I think your proposed solution should simplify the flow control issue,
and should have the derivative effect of making the Queued*Ports capable of
flow control. I'm a little concerned that your solution would make the
buffering very fluid, and I'm not sufficiently familiar with memory
controller microarchitecture to know if that would be realistic. I wonder
if you might have a way to do performance validation after I work through
either of these implementations.

Thanks!
Joel



On Wed, Feb 3, 2016 at 11:29 AM, Andreas Hansson <***@arm.com>
wrote:

> Hi Joel,
>
> I would suggest o keep the queued ports, but add methods to reserve
> resources, query if it has free space, and a way to register callbacks so
> that the MemObject is made aware when packets are sent. That way we can use
> the queue in the cache, memory controller etc, without having all the
> issues of the “naked” port interface, but still enforcing a bounded queue.
>
> When a packet arrives to the module we call reserve on the output port.

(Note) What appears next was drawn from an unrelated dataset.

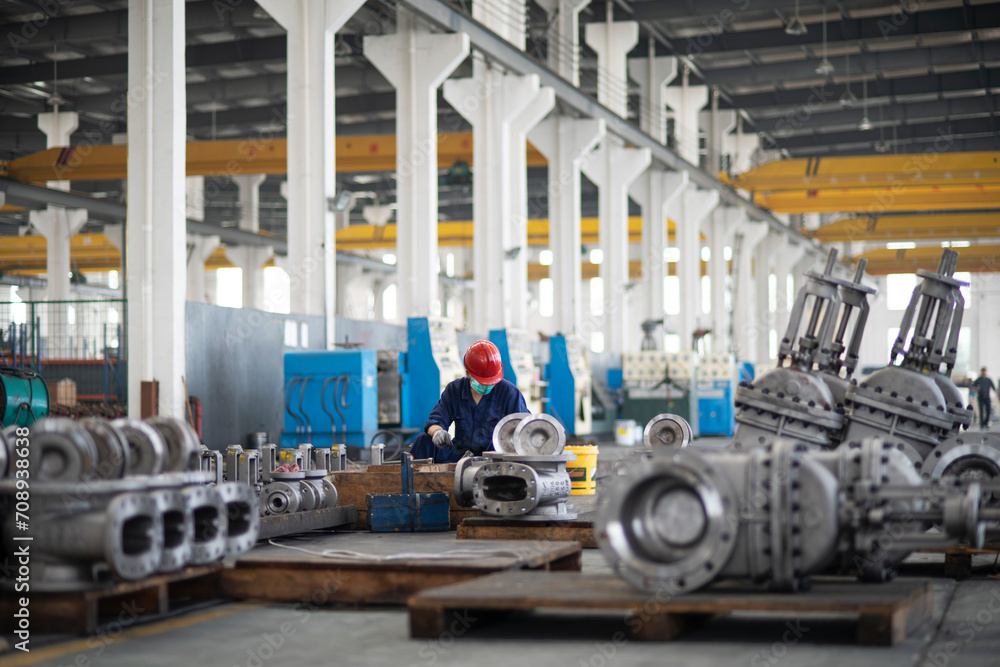 Fototapeta premium Warehouse of products from large water pipes and gas taps at a metal structures factory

> Then when we actually add the packet we know that there is space. When
> request packets arrive we check if the queue is full, and if so we block
> any new requests. Then through the callback we can unblock the DRAM
> controller in this case.
>
> What do you think?
>
> Andreas
>
> From: Joel Hestness <***@gmail.com>
> Date: Tuesday, 2 February 2016 at 00:24
> To: Andreas Hansson <***@arm.com>
> Cc: gem5 Developer List <gem5-***@gem5.org>
> Subject: Follow-up: Removing QueuedSlavePort from DRAMCtrl
>
> Hi Andreas,
> I'd like to circle back on the thread about removing the QueuedSlavePort
> response queue from DRAMCtrl. I've been working to shift over to DRAMCtrl
> from the RubyMemoryController, but nearly all of my simulations now crash
> on the DRAMCtrl's response queue. Since I need the DRAMCtrl to work, I'll
> be looking into this now. However, based on my inspection of the code, it
> looks pretty non-trivial to remove the QueueSlavePort, so I'm hoping you
> can at least help me work through the changes.
>
> To reproduce the issue, I've put together a slim gem5 patch (attached)

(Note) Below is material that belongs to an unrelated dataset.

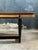 Stunning Italian art deco dining table in the style of Osvaldo Borsani. Bold sculptural design in the black lacquered fin...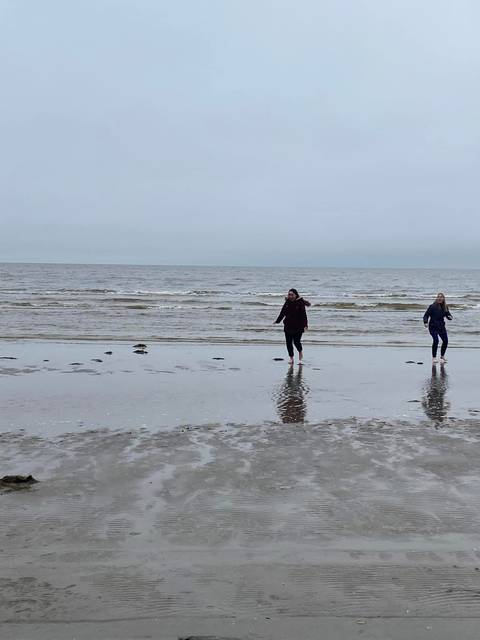 Two young women walk barefoot in the shallow water on a grey deserted beach.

> to use the memtest.py script to generate accesses. Here's the command line
> I used:
>
> % build/X86/gem5.opt --debug-flag=DRAM --outdir=$outdir
> configs/example/memtest.py -u 100
>
> If you're still willing to take a stab at it, let me know if/how I can
> help. Otherwise, I'll start working on it. It seems the trickiest thing is
> going to be modeling the arbitrary frontendLatency and backendLatency while
> still counting all of the accesses that are in the controller when it needs
> to block back to the input queue. These latencies are currently assessed
> with scheduling in the port response queue. Any suggestions you could give
> would be appreciated.
>
> Thanks!
> Joel
>
>
> Below here is our conversation from the email thread "[gem5-dev] Review
> Request 3116: ruby: RubyMemoryControl delete requests"
>
> On Wed, Sep 23, 2015 at 3:51 PM, Andreas Hansson <***@arm.com>
> wrote:
>
>> Great. Thanks Joel.
>>
>> If anything pops up on our side I’ll let you know.
>>
>> Andreas
>>
>> From: Joel Hestness <***@gmail.com>
>> Date: Wednesday, 23 September 2015 20:29
>>
>> To: Andreas Hansson <***@arm.com>
>> Cc: gem5 Developer List <gem5-***@gem5.org>
>> Subject: Re: [gem5-dev] Review Request 3116: ruby: RubyMemoryControl
>> delete requests
>>
>>
>>
>>> I don’t think there is any big difference in our expectations, quite the
>>> contrary :-). GPUs are very important to us (and so is throughput computing
>>> in general), and we run plenty simulations with lots of memory-level
>>> parallelism from non-CPU components. Still, we haven’t run into the issue.
>>>
>>
>> Ok, cool. Thanks for the context.
>>
>>
>> If you have practical examples that run into problems let me know, and
>>> we’ll get it fixed.
>>>
>>
>> I'm having trouble assembling a practical example (with or without using
>> gem5-gpu). I'll keep you posted if I find something reasonable.
>>
>> Thanks!
>> Joel
>>
>>
>>
>>> From: Joel Hestness <***@gmail.com>
>>> Date: Tuesday, 22 September 2015 19:58
>>>
>>> To: Andreas Hansson <***@arm.com>
>>> Cc: gem5 Developer List <gem5-***@gem5.org>
>>> Subject: Re: [gem5-dev] Review Request 3116: ruby: RubyMemoryControl
>>> delete requests
>>>
>>> Hi Andreas,
>>>
>>>
>>>> If it is a real problem affecting end users I am indeed volunteering to
>>>> fix the DRAMCtrl use of QueuedSlavePort. In the classic memory system there
>>>> are enough points of regulation (LSQs, MSHR limits, crossbar layers etc)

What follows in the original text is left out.